Friday, June 11, 2021

Iceland 2.10: Puffins Part II

     I left for the puffins at about 8:30 the next morning.  They were only a five minute drive away.  Unlike the first puffin location I visited, this one were on much lower hills near the edge of a bay.  There was small set of stairways to access the location, but the rest was restricted to the puffins.  It was a cloudy morning with some light drizzling, but I was still happy with what I was able to see.













    I left around 10:00 and tried the grocery store in town, but it was closed until 2:00.  I noticed that the cafe opened at 1:00, so I waited until then.  Right next to the camp site is a small rock outcrop named Alfaborg.  The cafe, named Alfacafe, is known for its unlimited servings of fish soup, something I would never eat.  Instead, I ordered coffee and rhubarb cake, which I do not believe that I have tried before.  It was decent enough.
    
    There was a couple from Atlanta that entered the cafe, inquiring about whether the soup was gluten free.  Across from them sat a couple from Switzerland, where the man spoke about visiting the US many times.  We shouted back and forth from across the rest of the empty room, sharing our traveling experiences.

    I stopped next at the grocery store, which was essentially a single room of bare ingredients.  It was the brightest and sunniest day so far in Iceland, and with nothing better to do, went back to the birds.  I was very fortunate in timing it seemed, as a bunch of the puffins were carrying back either fish they had caught or a jellyfishlike substance.  I have added captions under these specific pictures for viewers to looks closer at them.

Jellyfishlike in its mouth.




Caught a fish.

What do I do with this gross jellyfishlike substance?

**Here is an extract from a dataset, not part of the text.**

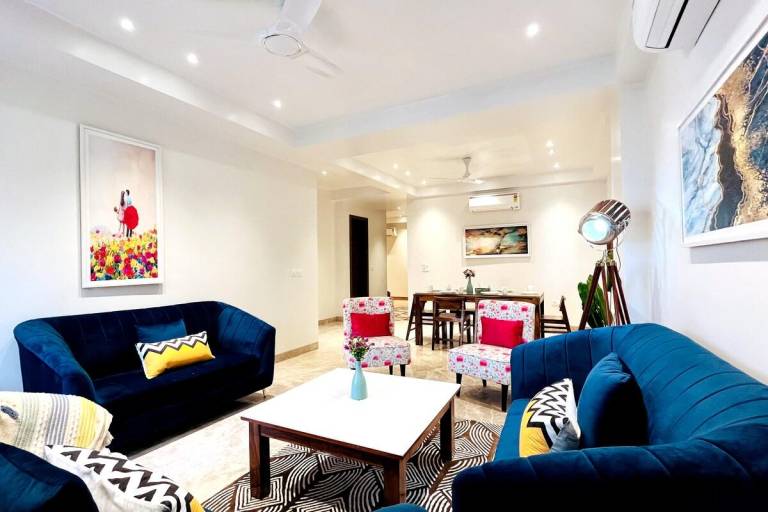 Apartment  Sainik Farm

    For dinner, since the grocery store was so bare, and I was out of supplies, I decided to stop by the Frystiklefinn restaurant.  I had decided just to get french onion soup and styr cake, which I hadn't found so far this trip.  I could not find a sign anywhere for the restaurant, but Google insisted that it was there.  I found a bunch of doors marked private or staff.  I opened what looked like a front door and was greeted by a long white hallway with no descriptions or signs.  On the walls were hung pictures from around Iceland.  I decided to give the unmarked door at the end of the hallway a go, and fortunately, it was the restaurant.

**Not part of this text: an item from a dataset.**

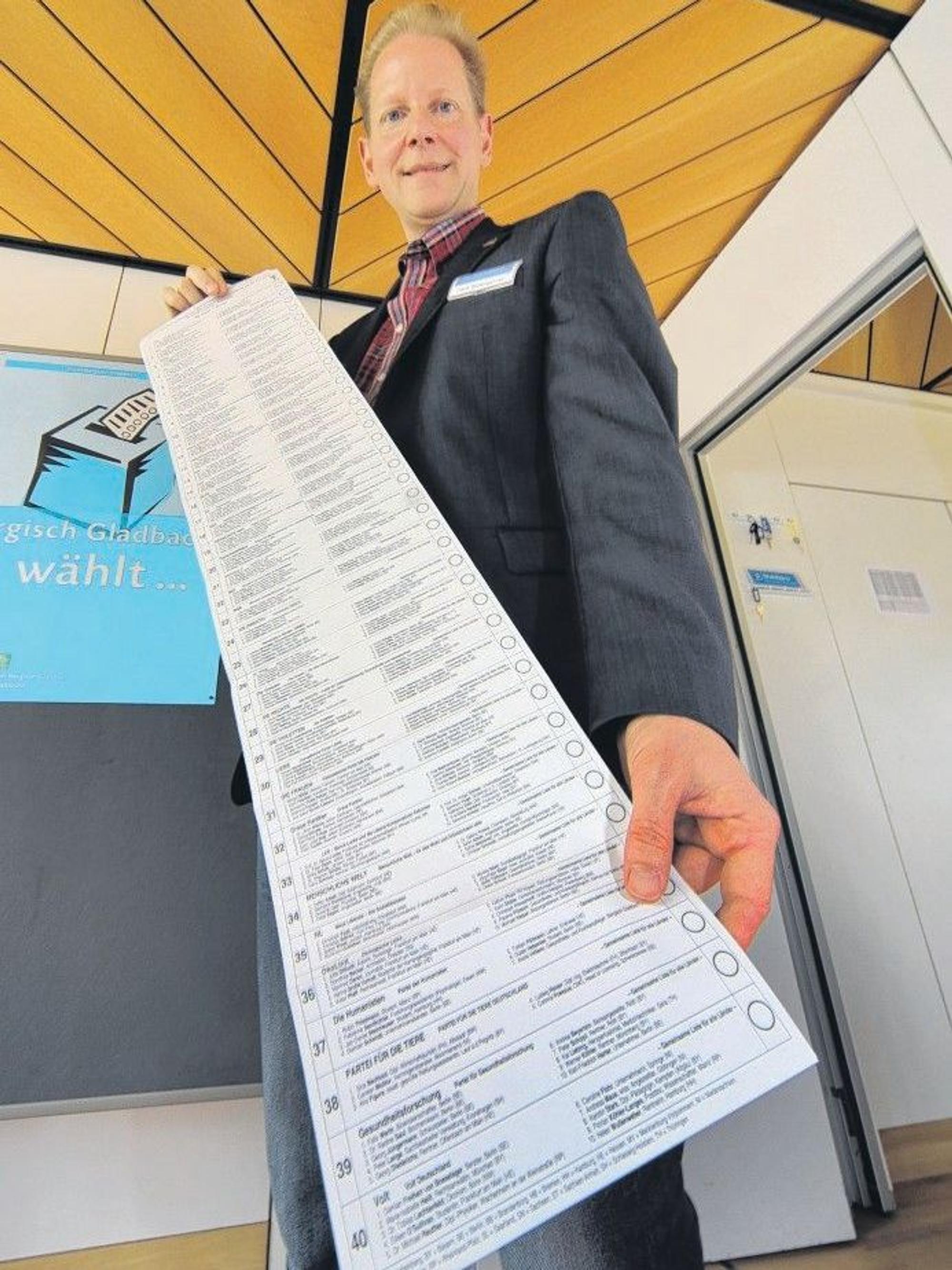 Frank Bodengesser vom Wahlamt der Stadt Bergisch Gladbach zeigt den Stimmzettel zur Europawahl 2019.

    I was seated and given a menu.  The waitress first was going over the alcohol menu and I informed her that that wasn't necessary, as I don't drink alcohol.  Then she informed me that they could also make any drink there without alcohol.  Then she was struggling to remember the fish of the day, and again, I told her that that wasn't necessary, as I don't eat fish either.  When I tried to order the french onion soup, she pointed out that it wasn't actually soup, instead just a bread and a dip.  I must have misread it.  I ordered it anyhow.  She then pointed out that anything marked with an asterisk in the menu was made from local ingredients.  Neither the dip nor the styr were marked, but the main course that I had some interest in, was.  So, I decided to give that a shot.  It was a falafel and tzatziki sauce in a wrap.  Luckily, I knew what this sauce was from a meal I once had in Universal Studios.  Upon the first bite into the french onion dip, I realized I had underestimated how hot it was.  I had burned the entire right side of my mouth.  I spent the rest of the meal swishing around cold water in my mouth while eating.  The food itself was very good though.

    At 7:00, I headed back to the birds for some nicely lit pictures using the sunset that never actually fully sets.  Unfortunately, I did not consider that my main view of the birds was coming from a hill that is on the opposite side of the setting sun.  Within ten minutes it was extremely dark on our side of the hill.  I decided to give up and head back to camp.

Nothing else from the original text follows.